Living with HIV in Azerbaijan

تم النشر: 30 ديسمبر 2006 0:00 CET

Sabina Mahbubiiran

“People living with HIV are no different to anyone else,” says 36 year-old Adil Bagirov. “It could happen to anybody, unless they protect themselves. So when you discriminate against somebody, simply put yourself in their shoes.”

Adil is an active member of the Social Union to fight AIDS, a local non-governmental organization created in 2001 and officially registered in 2005. It aims to bring people living with HIV like Adil together, providing an opportunity for them to talk openly about their situation without fear or shame. Information and social, psychological and juridical supports are provided, and people become involved in educating others about HIV transmission and prevention.

The Azerbaijan Red Crescent has worked closely with this organization since 2005, in line with its HIV/AIDS and Humanitarian Values projects.
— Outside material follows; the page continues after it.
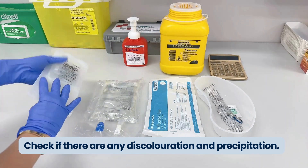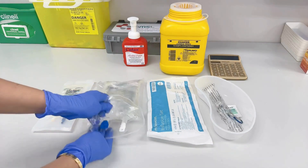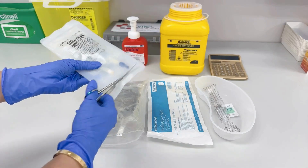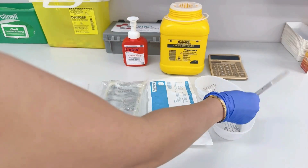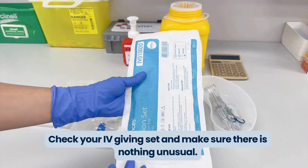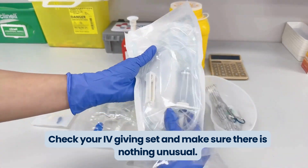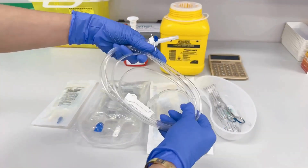There are easy open-access IV fluid bags. However, if it can be challenging to open, just make sure you use your scissors to open them. Now check your IV giving set, making sure that there's nothing unusual on it. As soon as you open it, check the tubing for any abnormalities.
The projects aim to reduce the spread of AIDS and change perceptions, attitudes and behaviour towards people living with HIV. As part of this, staff have established good contacts with other relevant organizations, such as UNAIDS and UNICEF.

According to official statistics, some 1,000 people in Azerbaijan are living with HIV. While this is less than in some other countries, the number of new infections is increasing at an alarming rate.
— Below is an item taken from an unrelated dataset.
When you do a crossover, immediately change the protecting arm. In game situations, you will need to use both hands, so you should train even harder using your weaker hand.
Adil has been living with HIV for six years. “People say men like me are ill with AIDS even though I am only HIV-positive,” he explains. “In this society, it is not really an accepted topic of conversation and when people do talk about it, they do so either with contempt or fear. Most people think HIV and AIDS affect only drug addicts, homosexuals and sex workers. This is mainly due to lack of awareness. I used to think like that.”

The Azerbaijan Red Crescent has been working to raise awareness of HIV and AIDS, particularly among young people, underlining the effect discrimination has on the lives of stigmatised people. Nearly 800 Red Crescent volunteers, including students, university students and sex workers from Baku and six regions, have been trained as peer educators.

To date, more than 60,000 people have been reached through seminars, meetings or campaigns. One such recent event, supported by the Social Union to fight AIDS, was a picnic in Ismayilli district, central Azerbaijan, under the theme ‘Let’s stop stigma and discrimination’. The picnic was organized with financial support from the Norwegian Red Cross and the International Federation.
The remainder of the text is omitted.